# Can't keep smoker flame lit.



## bigdog72

I am using my Masterbuilt 30" propane smoker for the second time. The first time I used it, I was having issues getting the temp down to 225 when cooking in the Texas sun. I was told to buy the following needle valve.

http://www.smokingmeatforums.com/t/128297/needle-valve-mod-using-bayou-classic-regulator

I installed the needle valve, but my fire goes out every few minutes. I'm constantly having to relight the fire. Any ideas?


----------



## bigdog72

Looks like I posted this under the electric forum. How do I move it to the right place?


----------



## daveomak

Are you familiar with the safety shut off valve on the propane tank....   Close the needle valve, close the tank valve......    SLOWLY open the tank valve.... you should hear a "ping" or something as the safety valve resets itself.....   the safety vale is designed to close off the propane supply if there is an "open" condition on the down stream side....  closing the needle valve, corrects that condition and all should be good.....


----------



## bigdog72

Thanks Dave. I was not aware of that. I've used a propane grill for years, but never run across this. I had to finish the ribs in the oven this time, so I'll give that a try next time.


----------



## bigdog72

It did seen like the propane shut off.


----------



## bigdog72

Tried the procedure you described and now I can't get any gas to come out at all. Can the safety valve get stuck? I'm seriously thinking about returning the needle valve. At least with the old hose the flame stayed lit, I just couldn't get the temps down below 250.


----------



## bmudd14474

Ive had a bad tank valve before. Have you removed the needle valve and just try it direct to the smoker?


----------



## bigdog72

May be a couple of issues going on. Just got the safety valve unstuck but this time it appears either the wind blew out the flame or it's losing oxygen with the door closed. The flame went out, but I still had gas flowing.


----------



## daveomak

If the smoker is air tight, no air flow, the flame will go out.....   check the exhaust holes in the smoker body....


----------



## demosthenes9

A needle valve only gives you more precise control over the flame.  Even with it in place, if the flame is very low, it could get blown out by the wind.     One thing you could do would be to set up a wind break to shield the flame.

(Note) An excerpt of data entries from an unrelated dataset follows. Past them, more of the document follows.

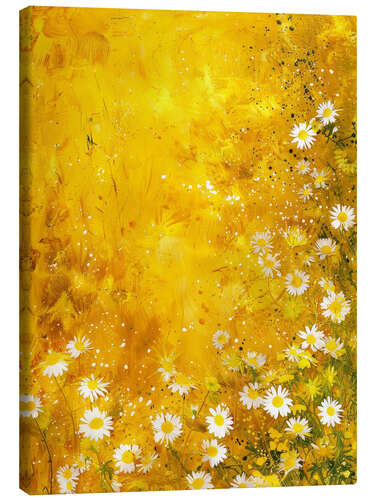 Canvas print Fresh Daisies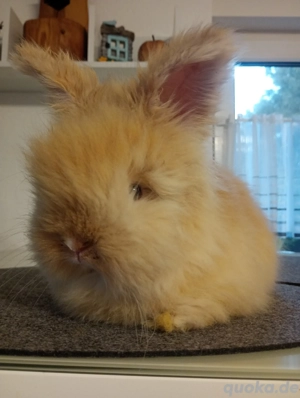 Englische Angora Häsin 8 Wochen 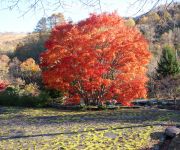 大きな木が紅く紅葉している上砂川岳日本庭園の写真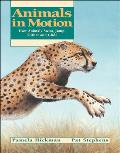 Animals In Motion How Animals Swim Jump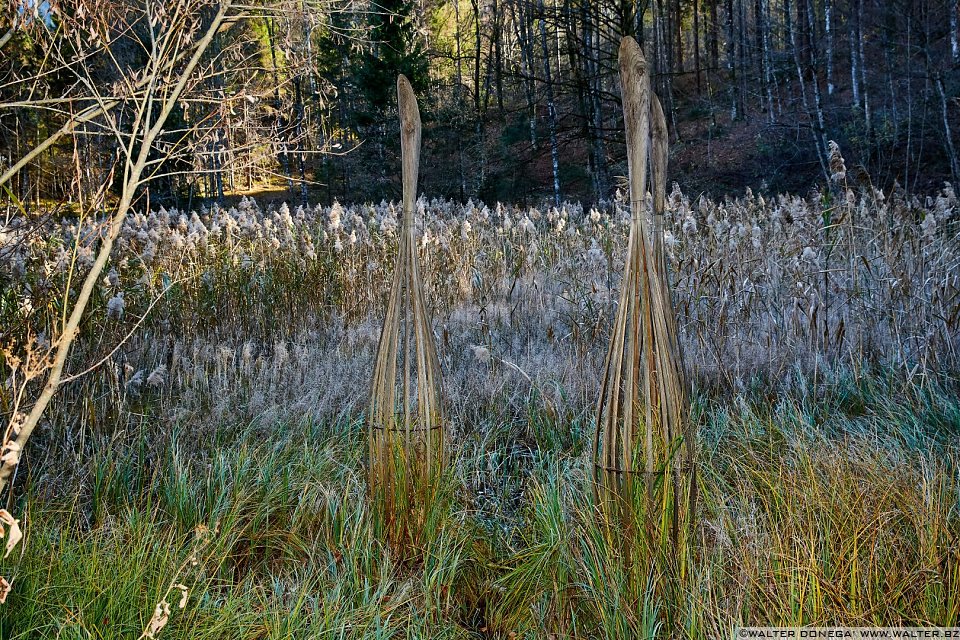 Wassergehäuse/Watercore di Roger Rigorth, 2013 Arte Sella l'arte contemporanea nella natura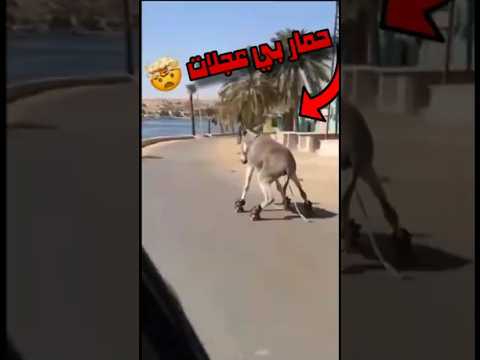حمار بعجلات وما حدث بعدها كان صادما  ترفيه شورتس مقاطع مضحكة حيوانات فيديوهات قصيرة غرائب
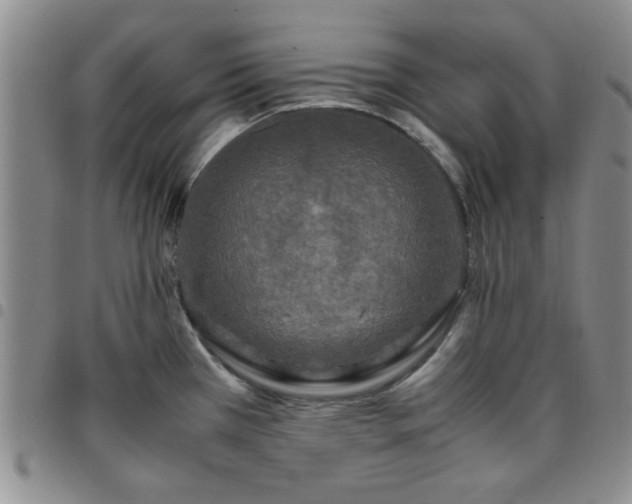 X0000097761385200803141713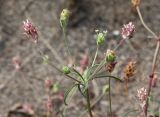 Plantago arenaria subspecies orientalis. Верхушка цветущего и плодоносящего растения. Абхазия, пос. Цандрыпш, приморская псаммофитная растительная группировка. 09.08.2021.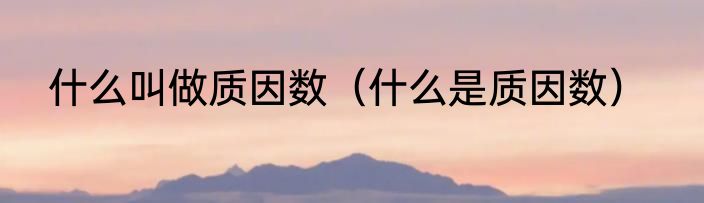 什么叫做质因数（什么是质因数）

On a broader note, are you using a water pan or something else as a heat synch?


----------



## bigdog72

Yes, I'm using a water pan.


----------



## daveomak

Without proper exhaust, steam can snuff the flame......   with the small burner, you do not need a water pan to keep the heat low...... 

Generally speaking....  manufacturers put a water pan in the smoker because, the burner puts out too much heat, and won't provide a low temp..  the water sucks up BTU'S to lower the temp.....


----------



## bdperzo

I had trouble keeping my smoker build burner lit, then saw DaveOmak's reply to your post, and I increased my exhaust to 4" and it works great now, Thanks Dave. Smoking a brisket today and its holding at about 240 on the burner side, a little cooler at the exhaust side.













H-bigger exhaust pipe .jpg



__ bdperzo
__ Aug 8, 2014


----------



## bigdog72

Got rid of the crappy needle valve regulator. Returned it to Amazon. Using it without a regulator and it works great now.


----------



## ps0303

You're the second person I have seen here with that style needle valve that has had problems.  I am wondering if that style is not correct for the application.  Yes wind on a really low flame is going to obviously cause issue too.  If you ever wanted or needed to reconsider the needle valve idea, look at this one instead and see if it works better for you.  I run this on my Masterforge and don't have low flame issues unless it's windy out.

http://www.bayouclassicstore.com/Replacement_parts/7000.html


----------